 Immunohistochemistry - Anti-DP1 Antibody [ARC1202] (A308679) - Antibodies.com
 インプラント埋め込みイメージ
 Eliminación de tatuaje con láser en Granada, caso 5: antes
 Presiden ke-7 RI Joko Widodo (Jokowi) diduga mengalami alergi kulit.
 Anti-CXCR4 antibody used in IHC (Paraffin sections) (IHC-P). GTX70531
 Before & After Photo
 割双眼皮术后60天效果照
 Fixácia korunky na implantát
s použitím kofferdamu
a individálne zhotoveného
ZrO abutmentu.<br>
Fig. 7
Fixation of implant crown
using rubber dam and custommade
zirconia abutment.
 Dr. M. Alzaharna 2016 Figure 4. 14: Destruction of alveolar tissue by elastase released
...
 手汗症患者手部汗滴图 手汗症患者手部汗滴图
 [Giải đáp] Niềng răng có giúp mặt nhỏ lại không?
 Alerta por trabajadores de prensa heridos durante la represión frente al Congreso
==
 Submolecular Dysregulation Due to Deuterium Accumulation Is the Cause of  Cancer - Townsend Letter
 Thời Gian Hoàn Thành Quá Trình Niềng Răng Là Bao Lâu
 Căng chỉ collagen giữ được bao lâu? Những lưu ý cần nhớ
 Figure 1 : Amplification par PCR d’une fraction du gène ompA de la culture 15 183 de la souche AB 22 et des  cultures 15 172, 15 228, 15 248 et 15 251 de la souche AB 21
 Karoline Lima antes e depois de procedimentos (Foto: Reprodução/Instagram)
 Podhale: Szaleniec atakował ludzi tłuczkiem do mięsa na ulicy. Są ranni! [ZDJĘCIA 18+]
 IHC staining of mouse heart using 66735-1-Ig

§ Exercise goal:
Read through the entries above and copy each line that has the string "Figure" in it.

§ Answer box:
 Dr. M. Alzaharna 2016 Figure 4. 14: Destruction of alveolar tissue by elastase released
 Figure 1 : Amplification par PCR d’une fraction du gène ompA de la culture 15 183 de la souche AB 22 et des  cultures 15 172, 15 228, 15 248 et 15 251 de la souche AB 21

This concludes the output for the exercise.